Figure 7. In front with about the size of a washing machine the fuel cell-based micro-CHP unit “BlueGen” of Ceremic Fuel Cells Ltd. together with a different heating water test buffer cylinder (1). Laboratory of Heating Technology at Cologne University of Applied Sciences/Germany (http://www.f09.fh-koeln.de/fakultaet/personen/profs/klaus.sommer/00835/). Image source: www.Rheinenergie.com
Figure 8. Functional principle of the high temperature Solid Oxide Fuel Cell (SOFC); source: Ceramic Fuel Cells Limited. Image source: www.cfcl.com.au
Figure 9.Opened “BlueGen” with the high temperature solid oxide fuel cell stack in the upper part.Laboratory of Heating Technology at Cologne University of Applied Sciences/Germany (http://www.f09.fh-koeln.de/fakultaet/personen/profs/klaus.sommer/00835/).

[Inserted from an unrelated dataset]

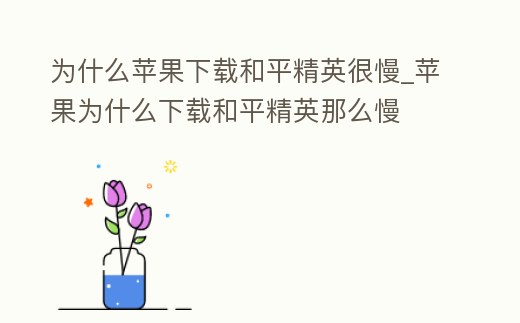 為什么蘋果下載和平精英很慢_蘋果為什么下載和平精英那么慢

Compared with separately generated heat and power the gas-fired micro-CHP appliances with stirling engine, internal combustion engine or high temperature solid oxide fuel cell save energy and reduce CO2-production for old and new one- or two-family houses. The heat-led “Stirling engine” and “Internal combustion engine” are designed for 1 kW electrical output with an electrical efficiency of 15% and 26.3% and CHP-generated thermal output of 2.5 kW or 6 kW. Together with a peak load boiler the thermal output of these appliances varies up to around 28 kW dependent on the chosen performance of the peak load boiler. The high temperature solid oxide fuel cell is designed for power-led operation with a very high electrical efficiency up to 60% and an electrical output up to 2 kW together with a thermal output up to 1 kW.

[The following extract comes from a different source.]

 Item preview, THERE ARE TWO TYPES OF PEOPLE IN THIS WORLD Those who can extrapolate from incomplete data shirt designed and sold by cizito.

(1) Two-year research project (2011-2013) “Analyzing of the real operating characteristics of a high-efficient fuel Cell-based Micro-CHP in order to find out the best possible application for residential buildings and to get real system characteristics”; project leader Klaus Sommer. Funded by KlimakreisKoeln (www.klimakreis-koeln.de), Rheinenergie (www.rheinenergie.com) and Cologne University of Applied Sciences (www.fh-koeln.de).